§ **TASK BRIEF**: Starting with the line that holds "Gemälde, St), cm", reproduce each line through the last one of the data, exactly as written. Pictures are not copied.

§ **INFORMATION SHOWN**:

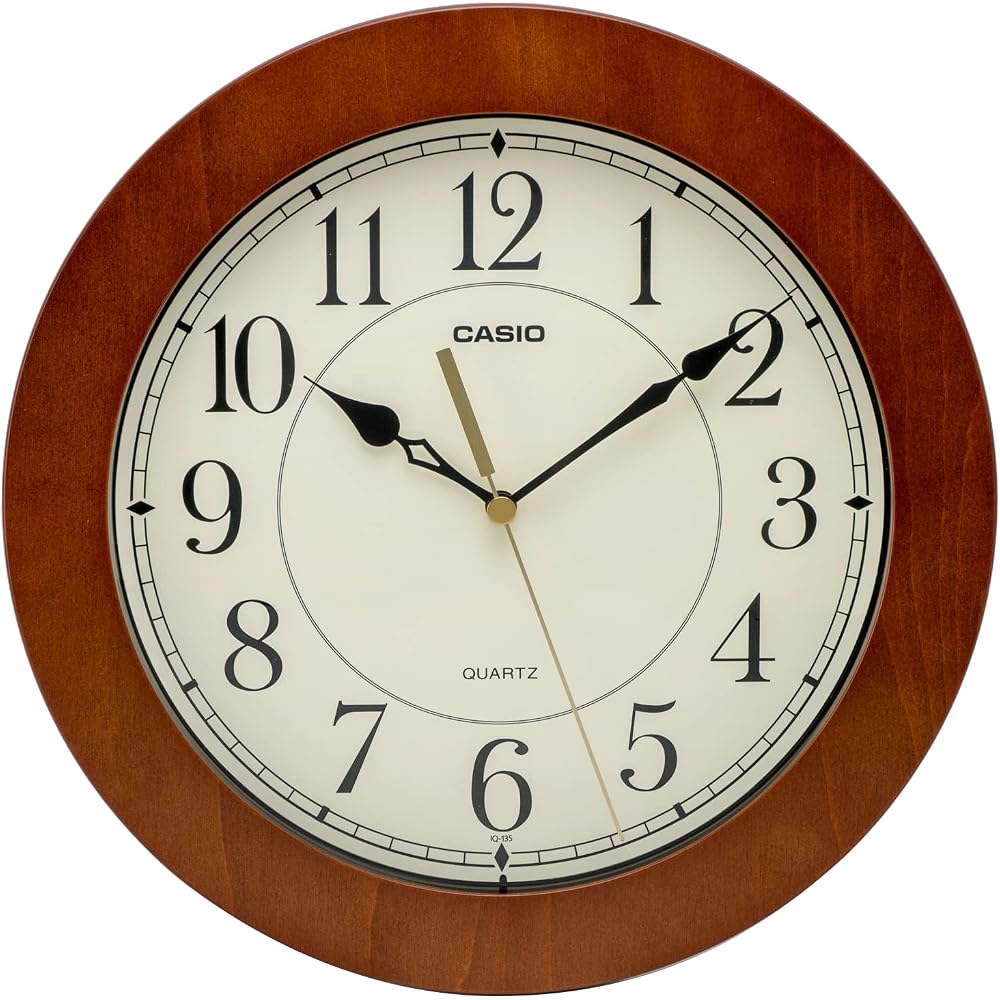 CASIO Wall Clock, Brown, Analog, Wooden Frame, Wood Grain Finish, IQ-135-5JF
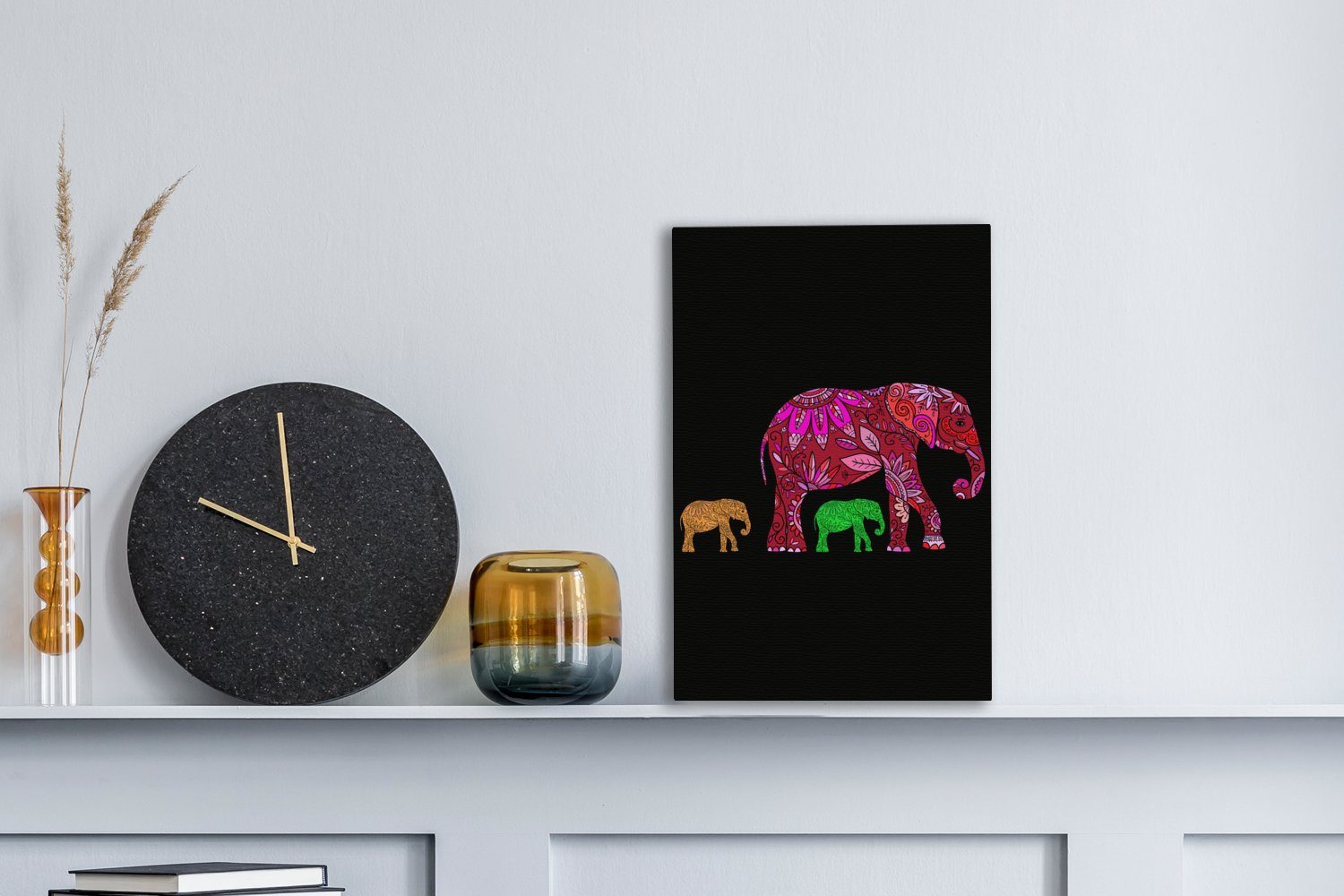 Gemälde, St), cm - Tiere Leinwandbild Blumen, Zackenaufhänger, 20x30 fertig - - Elefant bespannt Muster OneMillionCanvasses® inkl. (1 Leinwandbild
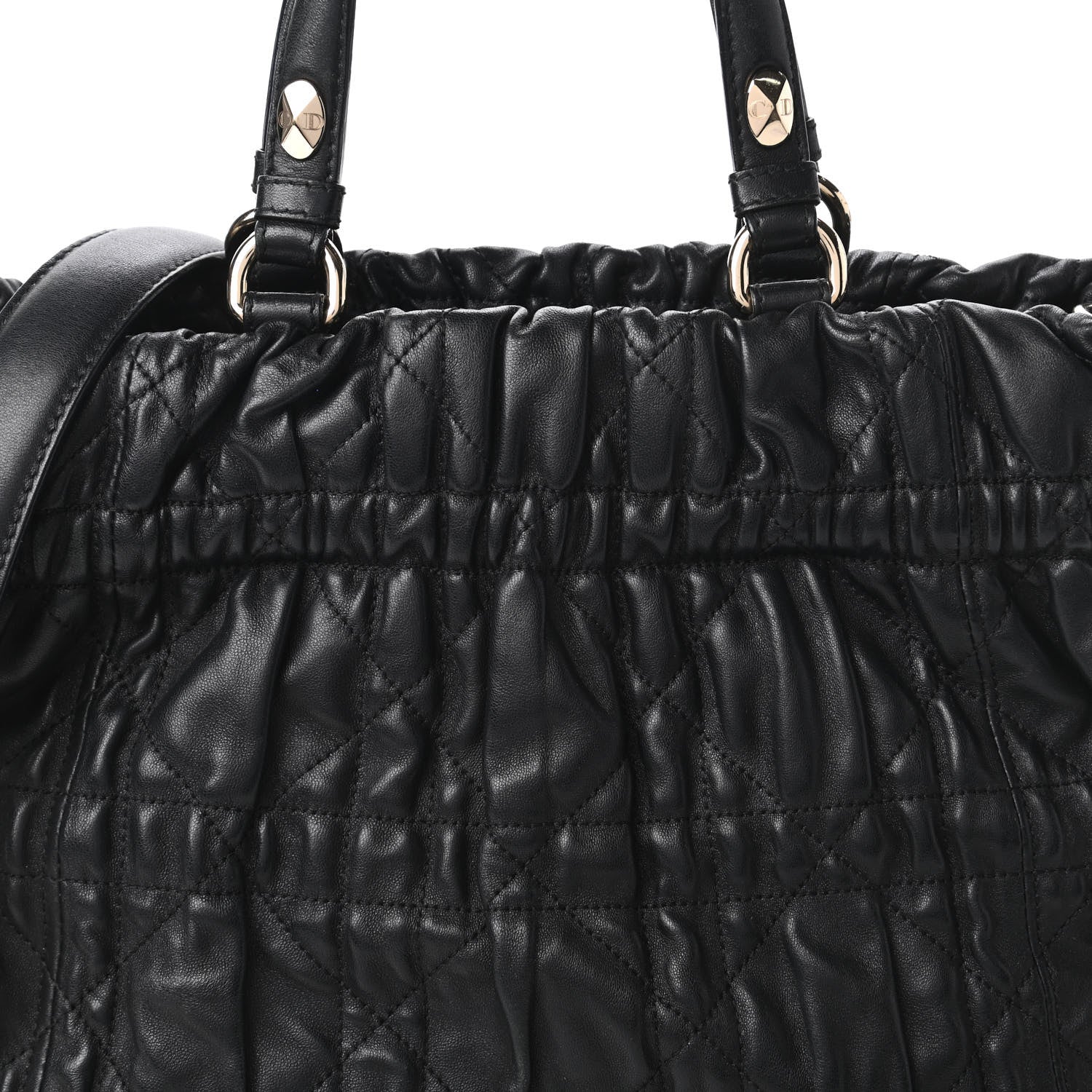 Christian Dior Gaufre Lambskin Cannage Delices Tote Black 10 of 10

§ **FINISHED EXERCISE**:
 Gemälde, St), cm - Tiere Leinwandbild Blumen, Zackenaufhänger, 20x30 fertig - - Elefant bespannt Muster OneMillionCanvasses® inkl. (1 Leinwandbild
 Christian Dior Gaufre Lambskin Cannage Delices Tote Black 10 of 10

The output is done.